Edge filtering is the pipeline design move of dropping / matching events at the producer (the host Agent, sidecar, or data plane closest to the event source), instead of forwarding everything to a central backend and filtering there.

The general argument:

  • Volume at the producer edge is dominated by noise; match rates for central detection or aggregation rules are typically a small single-digit percent.
  • Serializing + transporting that noise costs CPU, memory, and network at the producer, and storage/compute at the backend.
  • Filtering locally converts an O(events) transport into O(matches) transport — typically one to three orders of magnitude smaller.

Two canonical instances

Security agent (file-event monitoring)

Datadog's Workload Protection FIM Agent evaluates detection rules locally on each host before forwarding events. Input is ~10B file-related events/min fleet-wide at ~5 KB each (multi-TB/s naively); after Agent-side rule evaluation + concepts/in-kernel-filtering, only ~1M events/min — the matches — are forwarded to the backend for detection and notification. (Source: sources/2025-11-18-datadog-ebpf-fim-filtering)
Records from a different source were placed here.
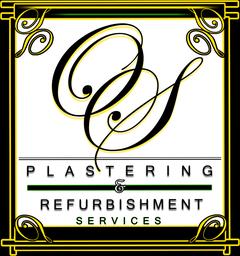 OS Plastering's Logo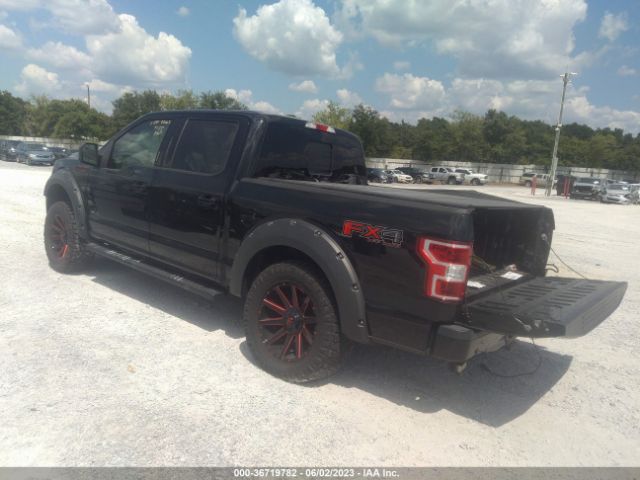 1FTEW1E5XJFB08834 Ford F-150 Xl/xlt/lariat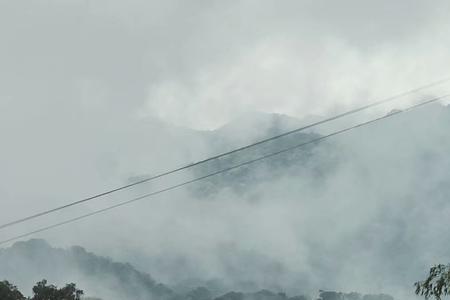 雨前雨后皆有风景什么意思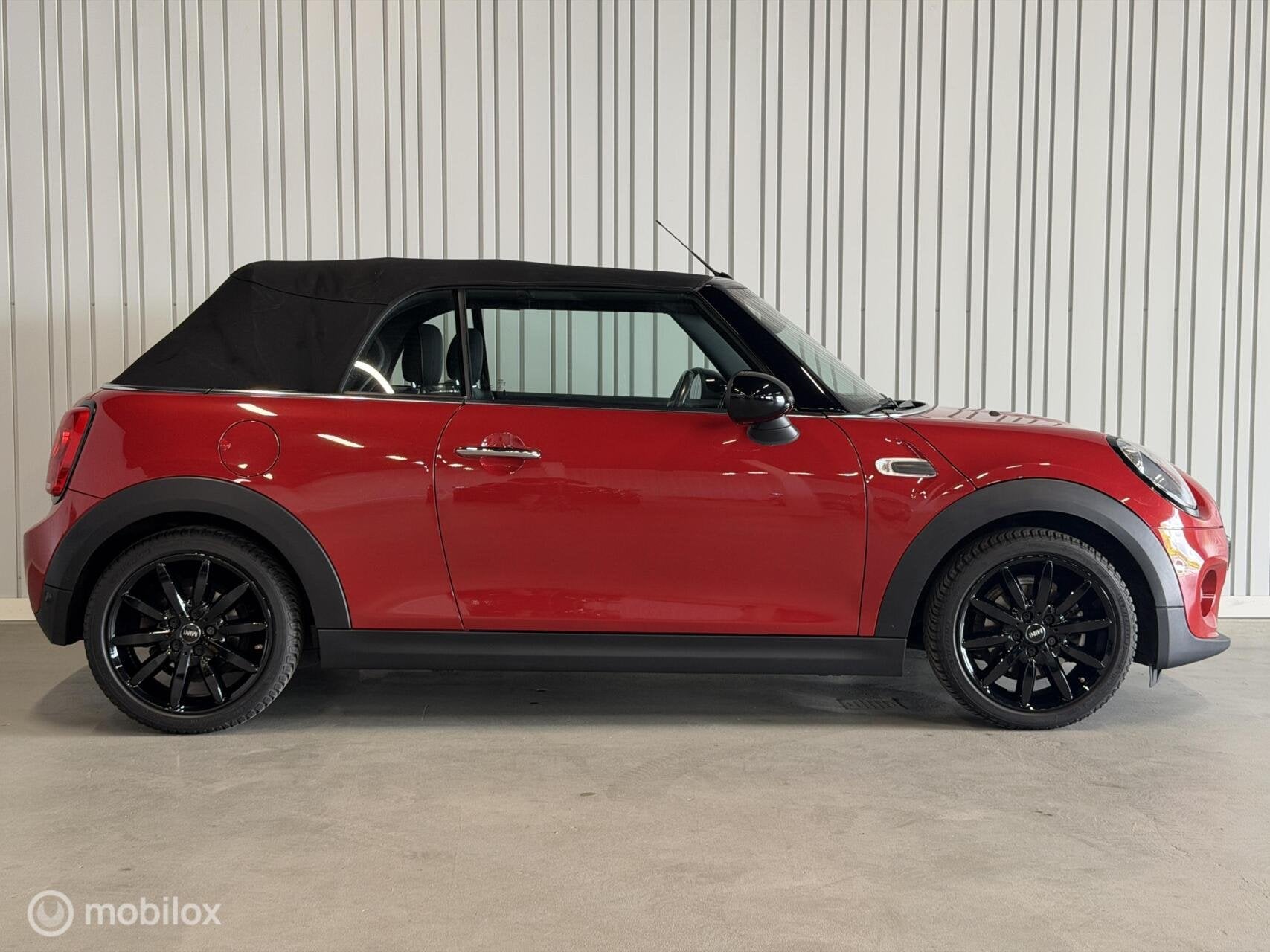 Mini Cabrio 1.5 Cooper Pepper Business, Voorwielaandrijving, 136 pk, Gebruikt, Euro 6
Metrics pipeline (streaming aggregation)

Airbnb's vmagent tier drops per-instance labels in transit, aggregating metrics across a service's instances before they hit storage. Same shape: producer-side reduction of volume that the backend would have to discard anyway. Typically the cheapest 10× cost lever in a metrics pipeline. (Source: sources/2026-04-16-airbnb-statsd-to-otel-metrics-pipeline; see concepts/streaming-aggregation, systems/vmagent.)

Design concerns

  • Where does the filter spec live? Rules/aggregations have to be pushed to the edge. This is a control-plane / data-plane split (concepts/control-plane-data-plane-separation) — the backend or rule engine compiles policies; agents consume them.
  • How much state can the edge carry? eBPF maps (bounded LRU), local memory in a sidecar, local cache in an Agent — the amount of learned / dynamic filter state is capped.
  • Blast radius of a bad filter. Dropping a would-match event at the edge is invisible to the backend. Requires conservative design (patterns/approver-discarder-filter as one shape).
  • Rule rollout lag. Adding a new detection rule requires pushing it to every agent — slower than a central change.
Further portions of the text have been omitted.